The Four Platforms and Why They Are Different
The surface similarity between AI search platforms — they all generate natural language answers — obscures fundamental differences in how they retrieve information, which sources they trust, and which audiences use them for which purposes. Understanding those differences is the foundation of any multi-platform AI visibility strategy.
| Platform | Primary source pool | Retrieval mechanism | Speed to reflect changes | Primary buyer audience |
|---|---|---|---|---|
| ChatGPT | Training data (editorial, Wikipedia, Reddit, G2/Clutch) + Bing via OAI-SearchBot for web browsing | Parametric memory (default, GPT-5.3 on free/Go tiers) + retrieval grounding (GPT-5.4 on Plus/Pro; runs 10+ fan-out queries with site: operators targeting Clutch and G2) | Months for parametric; weeks for retrieval grounding (paid tier) | Highest-volume consumer and prosumer B2B; 900M weekly users. 90%+ on Free/Go tier (GPT-5.3) — fewer web searches, fewer citations than Plus/Pro users experiencing GPT-5.4 |
| Perplexity | Live web (own index + Bing supplement); Reddit, comparison sites, review platforms | Real-time RAG with 5-gate citation gauntlet; L1-L3 ML reranker | Days to weeks — fastest of all platforms | Research-intent professionals; B2B and technical audiences |
| Google AI Mode | Google index + Knowledge Graph; editorial sources, structured data entities | Query fan-out (5–11 parallel sub-queries) + RRF scoring | Weeks — follows normal indexation cycle | General consumer and B2C; also B2B informational research |
| Microsoft Copilot | Bing index; LinkedIn entity signals; organisational Microsoft 365 data (enterprise) | Sequential grounding (iterative Bing retrieval, not parallel fan-out) | Weeks — follows Bing indexation cycle | Enterprise B2B; procurement and decision-making within Microsoft 365 |
The Citation Mechanism Differences
Understanding how each platform attaches citations to its answers changes what you need to do to appear in them. Perplexity pre-embeds citations before the LLM writes its response — citations are assigned during context assembly, not retrofitted after. If your content does not survive the five-gate retrieval and ranking process, the LLM never sees it. This makes passage-level quality tests decisive for Perplexity in a way that is unique to its architecture.
Google AI Mode uses Reciprocal Rank Fusion across fan-out sub-query results. A document appearing consistently across multiple sub-query result sets accumulates a higher score than a document appearing first in only one. Consistency across the topic space outscores excellence on a single keyword — which is why cluster architecture matters specifically for Google AI Mode.
ChatGPT with web browsing attaches citations post-generation — the model writes the response first, then annotates claims with sources. Without web browsing, no live citations are attached at all. This makes training data presence and entity corroboration the primary levers for most ChatGPT responses, not current page structure.
Copilot uses sequential grounding — querying Bing in steps, with each step informing the next. This rewards comprehensive single-page coverage more than distributed cluster architecture, since Copilot is not running eight simultaneous sub-queries but following a focused retrieval path.

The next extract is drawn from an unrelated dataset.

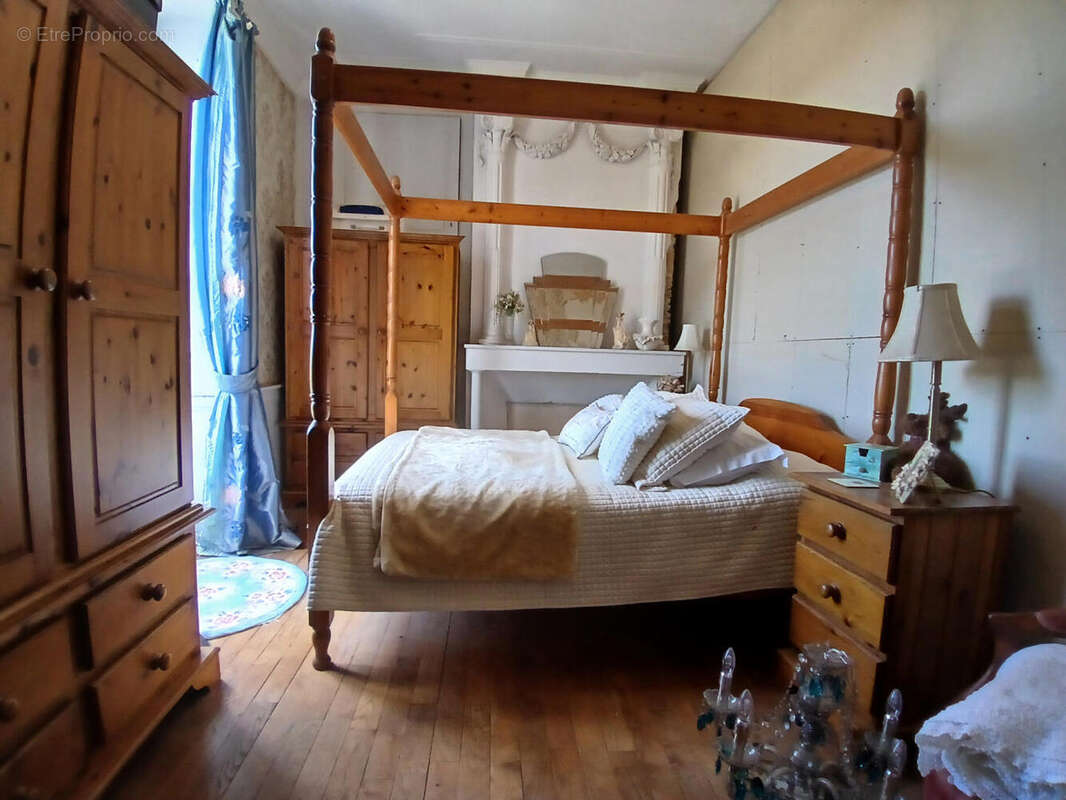 Une très belle maison de village en Dordogne à vendre, avec vue sur le château. 14 pièces. - photo 10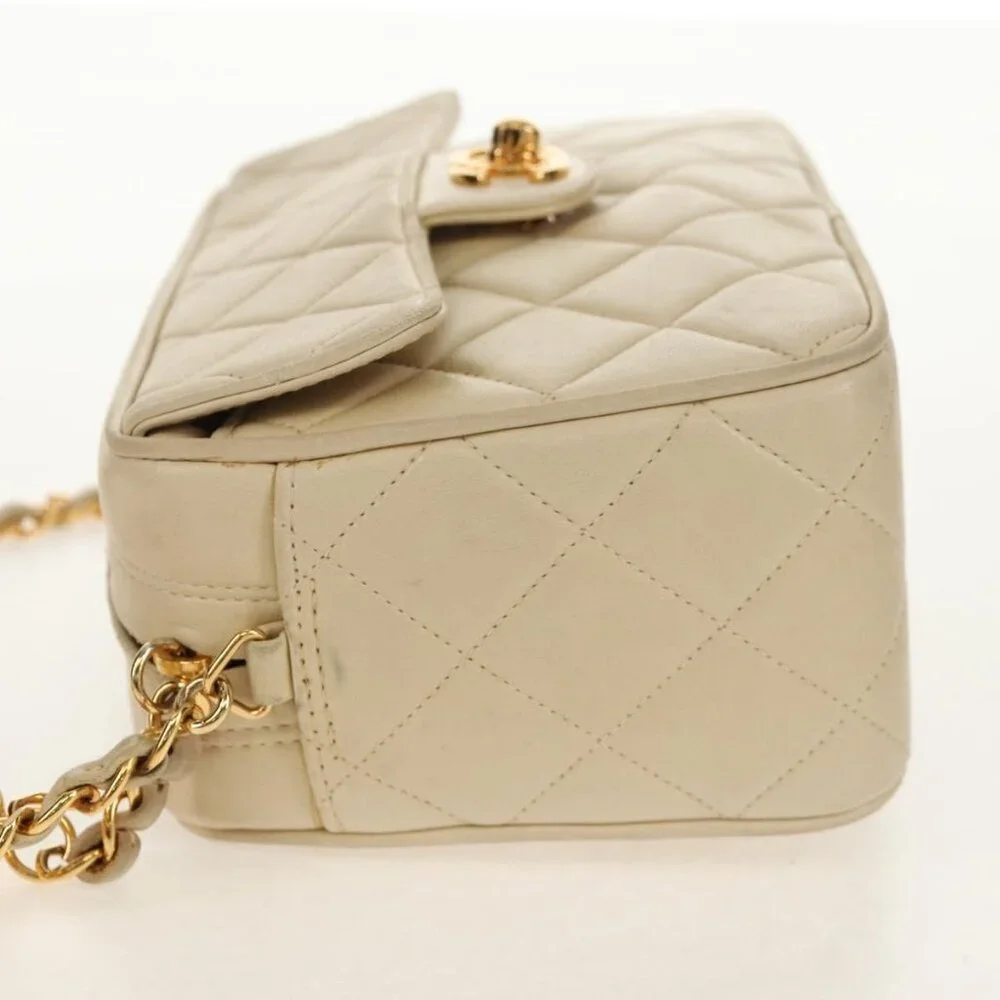 CHANEL Matelasse Chain Shoulder Bag Lamb Skin Ivory Gold CC Auth 154054V - Picture 4 of 16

Which Platform to Prioritise for Your Audience
The 12% overlap finding means each platform requires separate strategy. But not all platforms are equally important for every business. Prioritisation depends on which platforms your specific buyers use for the specific decision stage you want to influence. For the full audience-to-platform mapping, see the AI Platform Priority by Audience guide, which maps enterprise, B2B services, SaaS, and B2C audiences to their primary and secondary AI platforms with the reasoning behind each recommendation.
The general pattern: enterprise and regulated buyers → Copilot primary. B2B services (law, accountancy, consulting) → ChatGPT plus Google AI Overviews. B2B SaaS → Perplexity plus ChatGPT. B2C considered purchase → Google AI Overviews. This is a starting framework, not a fixed rule — run your category queries across all four platforms and observe which cite competitors in your space, then weight your investment accordingly.